Monthly Spins: April 2019

Munich 2024 brought to you by Underwood HiFI

Finally winter leaves us. I did enjoy one epic day of shoveling and I stayed up late one night to watch when a storm began coming down. I like the way snow obliterates and alters the landscape, a little different each time. Now it’s peepers and blooming again.

Music

Dis Fig: Purge

File under: starkly refreshing dark ambient, illbient

This being Felicia Chen’s first full length I have to say that it has quickly become one of my favorite releases this month. It really is unlike anything else on this list—singular, fierce, and hypnotic. A cacophony of ambient, industrial textures with her voice stretched and reduced to a voice calling out to you from the dark. Heady stuff. An extraordinary debut. Imagine Portished’s debut monster “Dummy” being broadcast from inside a cave. What are the voices trying to tell us? What is the warning?


Ex:Re: Ex:Re

File Under:: Daughter singer goes solo with stunning results

The solo project by Daughter singer Elena Tonra is pronounced “ex-ray” and came out of blue recently. The production is stripped down and was done over a few days at the 4AD studios, which is a welcome change from the often overwhelming nature of her work with Indy-gaze adherents Daughter. What is left over is just what the audacious and talented lyricist Tonra possesses. It is so raw and intimate that it sounds like the early records of Angel Olsen or Sharon van Etten.


DJ Khalab: Black Noise 2084

File Under: Jazzish Futurist Afro Centric

At this point in the Afrofuturist revival call me a little skeptical at many of the critically lauded albums being spun out recently. Rarely does it seem as fresh and vital as that of dj Khalab’s Black Noise 2084. A long list of contributors and singers. Relentlessly probing outer regions of futurist space and always with a hard kernel of African rhythms at its heart. It doesn’t feel like something resurrected from the 1970’s. It is very much from the here and now. From the fabulous On The Corner label.


CMD: Obscure Worlds

File Under: electronic, idm, experimental

A London DJ that I can’t find any info about so will just have to go at this blindly and on the music alone. This is a dub planet from top to bottom. A gothic dub. Dancing is possible especially if the club is geared toward the industrial side of things. If you’re into what the folks at Stroboscopic Artifacts are up to then I highly recommend this.


Kirchhofer Anklin: Moto Perpetuo

File Under: cosmic percussionist, modular synth player

Here we find Swiss percussionist Michael Anklin, and modular synth maestro working together in a quest toward the impossibility of perpetual motion. A grand idea and one certainly worth exploring in a musical context.

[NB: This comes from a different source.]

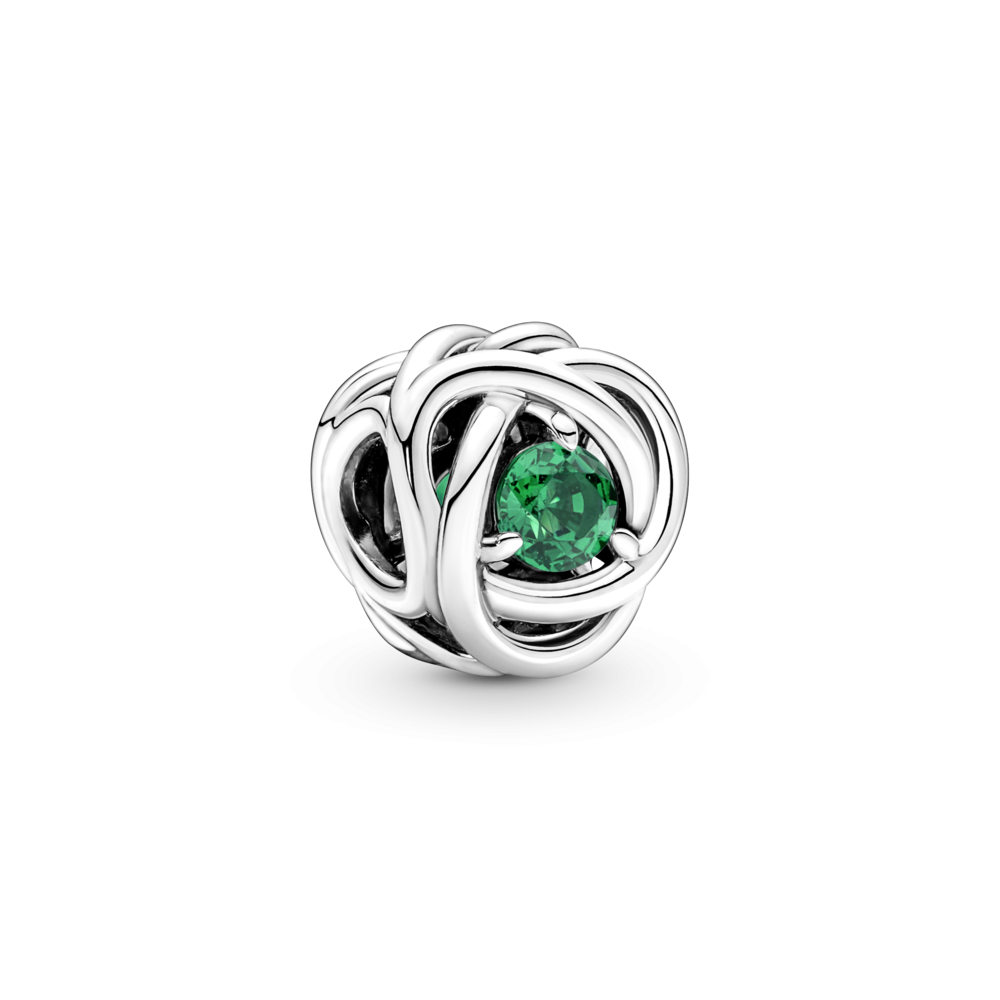 Серебряный шарм Пандора  790065C08MasterSem Киев - изображение 1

Yves Jarvis: The Same But By Different Means

File Under: fascinating and refreshing soul/devotional

This is one of those records that just goes and goes, with short cuts of laid-back astro-soul put together simply and memorably by Yves Jarvis. Call it devotional but without a certainty of a specific creator in mind. Blissed out and blessed.


Planet Battagon: Battagon Symphony

File Under: taking on the complex jazz nowness

Another one from the On The Corner label. Smokin’. Swingin’. Savant jazz with a chaser of Miles, because, why not?


Santiago Cordoba: En Otros Lugares

File Under: Argentine DJ does just about everything on this record.

It’s a laidback Argentine vibe, bringing the entire world into context. It’s quietly persuasive and adept. You get it all, free-jazz, Kosmische, 2-Step, Latintronica, post-rock, cumbria and all the tangled shamanistic places between. The video below will give you a good idea of what he is up to, and that he can pull off this sort of thing live.


Andrew Bird: My Finest Work Yet

File Under: I believe the title to be ironic

I’m not that familiar with Andrew Bird’s prodigious output, but this album of new work is his
first lyrical foray into our current psychological and political situation. He is a lyricist first and
foremost and has always kept to a downtempo, simple sound that highlights this talent. In the video below “Bloodless” the chorus is “Bloodless for now,” as he asks “Is there no civil war?”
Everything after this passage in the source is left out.